5.10.2017

Replacing A Sink: Part Three

Ok, this is the final teaser post about this sink before I do a whole bathroom reveal because I did change things up in here.
Last I left it, I had mounted the sink but had not yet connected the drain or supply lines.

 Oooof....parts.

Not to veer into mansplaining territory here, but it's nice to know the name of parts so the jackass at the hardware store doesn't treat you like a femidiot.

Because my sink is very old (1941!), the tailpiece was specific to the drain and flange. The drain was in good condition (and specific to this sink) so I left it in place, but the gasket underneath was decomposing. It was only a matter of unscrewing the pipe, which moved surprisingly easily.

I cleaned out all that old gummy mess so I'd have a nice tight seal with the new gasket.

After a couple leak tests, it was clear I needed two gaskets -the thinner one on top and then the thicker one beneath.
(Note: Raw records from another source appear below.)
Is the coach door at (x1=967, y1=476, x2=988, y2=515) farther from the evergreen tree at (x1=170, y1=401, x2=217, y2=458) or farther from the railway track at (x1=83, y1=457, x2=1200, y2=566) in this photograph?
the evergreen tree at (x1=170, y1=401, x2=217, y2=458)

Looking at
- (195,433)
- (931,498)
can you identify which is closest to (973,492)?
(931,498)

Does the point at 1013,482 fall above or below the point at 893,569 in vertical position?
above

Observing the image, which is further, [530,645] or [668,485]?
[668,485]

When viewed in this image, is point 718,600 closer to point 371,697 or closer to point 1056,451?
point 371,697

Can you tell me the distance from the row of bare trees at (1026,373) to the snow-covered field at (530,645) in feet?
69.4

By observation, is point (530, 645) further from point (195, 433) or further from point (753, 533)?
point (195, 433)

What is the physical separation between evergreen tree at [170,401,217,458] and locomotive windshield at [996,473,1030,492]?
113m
I reused my original waste arm, although I had to cut it down significantly to get the bend to sit in tight to the wall. The waste arm slides easily into the rough plumbing inside the wall and is sealed with a gasket and the coupling nut. I ended up removing the decorative flange that hides this junction at the wall, because I thought it looked better without it.

Hack away! I found this easier to do on with a vise on my workbench. I used a rug pad with a rubberized side to gently secure the pipe in place without crushing and scratching.
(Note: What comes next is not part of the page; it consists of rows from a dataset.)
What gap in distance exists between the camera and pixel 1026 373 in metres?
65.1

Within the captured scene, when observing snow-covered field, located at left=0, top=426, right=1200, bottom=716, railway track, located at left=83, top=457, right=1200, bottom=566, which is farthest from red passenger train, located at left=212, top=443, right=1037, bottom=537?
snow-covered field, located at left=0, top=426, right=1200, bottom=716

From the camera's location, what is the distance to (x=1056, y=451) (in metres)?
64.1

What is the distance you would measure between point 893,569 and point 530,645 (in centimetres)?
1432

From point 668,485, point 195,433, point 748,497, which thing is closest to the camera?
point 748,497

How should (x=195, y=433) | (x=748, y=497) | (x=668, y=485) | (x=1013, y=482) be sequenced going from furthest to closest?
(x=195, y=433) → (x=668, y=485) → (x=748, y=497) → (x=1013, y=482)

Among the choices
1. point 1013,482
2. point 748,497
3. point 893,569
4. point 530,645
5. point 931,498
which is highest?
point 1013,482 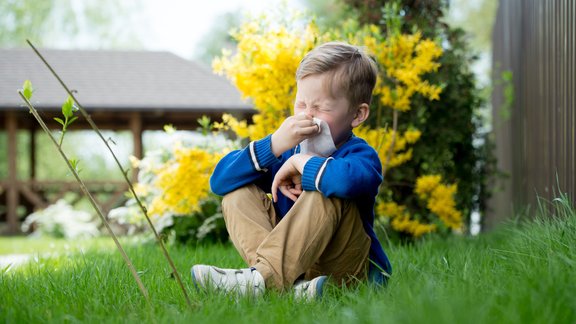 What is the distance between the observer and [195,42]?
3097 cm

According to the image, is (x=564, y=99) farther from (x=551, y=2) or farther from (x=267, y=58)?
(x=267, y=58)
Speaking of scratching, this would be the time to mention that ideally, when working on plumbing, a wrench that is intended for plumbing and metal is best  -i.e no teeth in the vise grip so that the plumbing stock does not get marred. 
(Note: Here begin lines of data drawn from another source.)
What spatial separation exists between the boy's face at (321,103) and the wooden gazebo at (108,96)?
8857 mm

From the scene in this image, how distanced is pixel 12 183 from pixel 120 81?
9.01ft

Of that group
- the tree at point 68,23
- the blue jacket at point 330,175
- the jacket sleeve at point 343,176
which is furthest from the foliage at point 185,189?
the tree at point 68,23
My sink is a Kohler brand and it has the most beautiful drain (and faucets) that are specific to this sink. Thankfully it has been minimally scratched up over the past 75+ years.

This is the built in lever mechanism to lift and lower the drain. It is hidden entirely behind the sink. The mechanism is just so well designed and built -I hate to use that cliche but they sure don't make things like they used to. 

This is the top of the mechanism with the rest of the built in rough plumbing and where the flexible faucet supply lines connect. I want to point out that these are a 1/2" connection, whereas the wall angle stops are 3/8". Flexible supply lines come in all kinds of lengths and nut configurations.    

I tried to mount this sink using the little chrome legs that came with it. I found, however, that for the legs to work, the sink needed to sit very low on the wall -too low for good functionality for this tall family. I do realize, in the back of my mind, that I may have mounted this a tad too high -visually speaking, but can't bring myself to fully admit this, as it was an ordeal to get it to it's present state. 

I also made the executive decision not to paint the underside of the bowl. I know this might make some perfectionists cringe, it but it just seems like too much to me -I think the chaulky surface suites the look just fine.